Is the world ready for untamed women?
This is the one question I keep repeating in my mind because my path has been hard. It has been so hard that I almost want to go backward, curl up in foster pose, and rock myself gently. Because I have serious doubts that the world is ready for untamed, wild, free women who are channeling archetypes like you, Pippi Longstocking, Lagertha from Vikings, Peter Pan, and even Kali. Women who take hit after hit every day because they stand so strongly in their core that they have become unapologetically themselves. Because as soon as I became my wild, driven untamed self everything went away, and it’s lonely where I am right now. I have lost my job and my marriage. I have even lost my grandfather (but I don’t think it was because I became untamed though). I feel like I am a trailblazer who is taking all the hits. That I stand on the frontline and I am the first one they are shooting after. I am one of the first ones in my village they would point towards and shout ‘WITCH’. I am cocooning at home and I feel like I am starting to rise, sister!

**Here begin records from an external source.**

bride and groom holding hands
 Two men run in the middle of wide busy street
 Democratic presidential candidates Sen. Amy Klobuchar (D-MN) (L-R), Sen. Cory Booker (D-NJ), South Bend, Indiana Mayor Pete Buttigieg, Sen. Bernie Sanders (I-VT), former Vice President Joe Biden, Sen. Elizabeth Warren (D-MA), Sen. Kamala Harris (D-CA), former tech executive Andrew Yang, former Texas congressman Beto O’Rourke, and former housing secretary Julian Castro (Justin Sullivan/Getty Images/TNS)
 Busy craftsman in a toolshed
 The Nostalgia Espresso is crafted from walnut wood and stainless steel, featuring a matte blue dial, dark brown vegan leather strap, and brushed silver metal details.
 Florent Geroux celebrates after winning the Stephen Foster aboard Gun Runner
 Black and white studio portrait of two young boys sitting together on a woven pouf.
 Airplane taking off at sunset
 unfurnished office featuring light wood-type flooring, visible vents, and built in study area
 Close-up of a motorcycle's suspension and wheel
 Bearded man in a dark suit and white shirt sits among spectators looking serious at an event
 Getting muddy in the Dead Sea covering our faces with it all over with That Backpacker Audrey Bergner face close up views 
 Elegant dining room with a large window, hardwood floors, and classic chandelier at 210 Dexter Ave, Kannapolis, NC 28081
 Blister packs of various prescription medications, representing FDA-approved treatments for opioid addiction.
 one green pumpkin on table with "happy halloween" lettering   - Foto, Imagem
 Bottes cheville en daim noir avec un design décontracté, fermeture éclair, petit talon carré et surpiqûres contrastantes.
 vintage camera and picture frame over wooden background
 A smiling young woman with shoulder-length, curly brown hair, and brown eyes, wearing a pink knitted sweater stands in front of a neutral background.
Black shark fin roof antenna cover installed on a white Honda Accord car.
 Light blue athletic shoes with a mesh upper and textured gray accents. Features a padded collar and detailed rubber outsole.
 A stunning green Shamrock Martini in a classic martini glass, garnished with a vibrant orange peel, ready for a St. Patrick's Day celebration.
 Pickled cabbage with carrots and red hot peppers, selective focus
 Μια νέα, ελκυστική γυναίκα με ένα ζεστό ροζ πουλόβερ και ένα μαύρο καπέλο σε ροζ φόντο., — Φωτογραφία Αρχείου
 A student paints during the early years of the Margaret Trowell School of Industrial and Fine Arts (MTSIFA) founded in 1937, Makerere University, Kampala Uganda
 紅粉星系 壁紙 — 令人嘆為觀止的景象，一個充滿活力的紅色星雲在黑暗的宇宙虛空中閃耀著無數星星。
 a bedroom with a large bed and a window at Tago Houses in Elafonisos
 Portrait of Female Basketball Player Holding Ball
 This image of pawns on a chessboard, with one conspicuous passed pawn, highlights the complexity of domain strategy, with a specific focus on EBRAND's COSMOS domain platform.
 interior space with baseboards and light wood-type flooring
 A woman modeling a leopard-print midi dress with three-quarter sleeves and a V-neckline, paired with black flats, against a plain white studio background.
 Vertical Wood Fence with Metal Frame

How should we make the world ready for the untamed self?
That is what I am wondering. I think it’s because of the losses in my life. It’s because of the woman I am becoming. But in a patriarchal world, there’s a lot of hits to be taken. There’s a lot of battles to be fought. There’s a whole authoritative method on the planet we have to undo. We have to get back to nature and to ourselves. It’s our only option to save Gaia – our planet. But to be honest I am scared shitless and I was wondering if you had some perspectives on this.
From one who knows that untamed is going to trailblaze us into the future.